You describe your creative process as "free-form experimentation." How is that a good reflection of who you are as a twenty-something artist from Toronto?

Toronto is so diverse, culturally and in terms of all the different art and all the different experiences. I grew up downtown but I went to school in North York with people from all over the city. I went to an arts school. I've just been exposed to a lot of different ideas and I try to just keep an open mind when I'm creating. By free-form, I would say that I hone in on different methods, depending on what the idea demands. It's not just completely open-ended and without borders. It's just that I try a lot of different approaches to how I make music. I guess I'm still honing in on my own method. I try not to be formulaic about it.

You're always thinking visually when you're writing about music, I heard. Everything is a soundtrack to you. What was your favourite moment that was sonically photographed and transitioned to sound on Indigo?

Acid Test. The initial idea for that, I was playing with a couple of the guys in my band and we were just jamming in the space and I was on drums and it was just a crazy energy. We had been listening to Jimi Hendrix and we were spontaneously getting into it. It was pretty wavy. It was a hot summer night and we played really loud to the point that we got noise complaints and shit. I was literally drenched in sweat. It was manic. That session was where the initial idea came from. It sounded a bit different. I recorded it on my phone and went back to it and that's how I started 'Acid Test.' and it takes me back to that vibe every single time.

Do you plan on transitioning into soundtracks in the future because of how that fits your current mentality?

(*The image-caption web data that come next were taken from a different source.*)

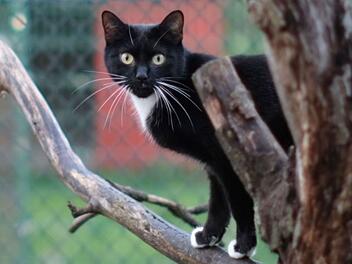 Tierheim Bamberg stellt sein "Tier der Woche" vor - Kater Leonidas abgegeben Tierheim Bamberg stellt sein "Tier der Woche" vor - Kater Leonidas abgegeben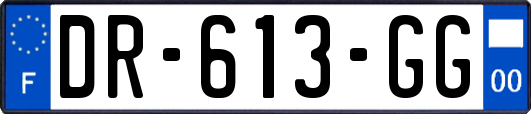 DR-613-GG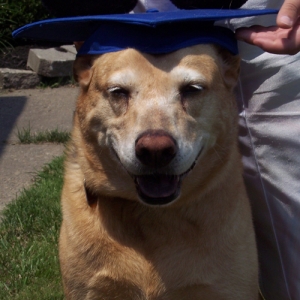 Coco's Graduation Day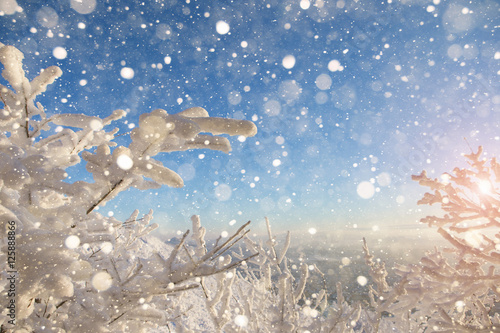 Fototapeta Naklejka Na Ścianę i Meble -  Trees in the snow. Sunlight sunset or sunrise. Snow, freezing. Christmas, New Year, winter landscape.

It's a matter of seeing what opportunities present themselves. I would love to do some film music. That's a huge influence, for sure and a huge part of the concept. At the same time, I'm really focused on writing songs right now. Scoring for film is kind of a different format, where you score to a scene that might already be shot. I'm down to do that in the future, but right now, I'm working on my songwriting and don't really want to mess with that limitation. But I've thought about that, a lot.

What does your current summer soundtrack sound like? What are you playing and how would you describe the creative vibe you're in summer sixteen?

I'm definitely listening to that new BADBADNOTGOOD, of course. I'm listening to a lot of Marvin Gaye lately. I'm always listening to a lot of old music. I'm doing a bit of travelling this summer, doing a few shows and stuff. I usually write a lot when I'm sitting on the plane. I just write lyrics and stuff. I'm just trying to get outside more. You end up just in the studio where there's no sunlight and I need to step away from that for a minute and get outside and breathe a little. That's my mentality.

I read that you defined success as being able to do this for the rest of your life. In this time of music market, where relevancy and hype cycles by the hour, what do you think the key to that is, with you specifically?

I think you kind of just ignore the noise. I know when I'm making something of quality that is indispensable. I think that the way we consume music today is a little bit crazy. It's at a speed and pace that is unprecedented. You don't even purchase music anymore, you just rent it from a database and then you just throw it away and dispose of it. The speed at which shit moves is crazy. I think that seeing people review albums a few days after they come out or whatever is a little intense too. People need to slow down a little bit. I feel like I've connected with a lot of people that feel the same way as me, who like to listen to music a little bit more slowly and who like to take their time with the art and contemplate it a little more and give things more than one listen. I always want to stay on that track. I think that is just a timeless and unshakeable way to create. I just tune out the whole hype conversation, because I don't care about artists that are hyped up. I listen to music that's stood the test of time. I keep up with it all. I like the idea of it. It's fun, but when it comes down to the real shit, I just don't care for that whole world.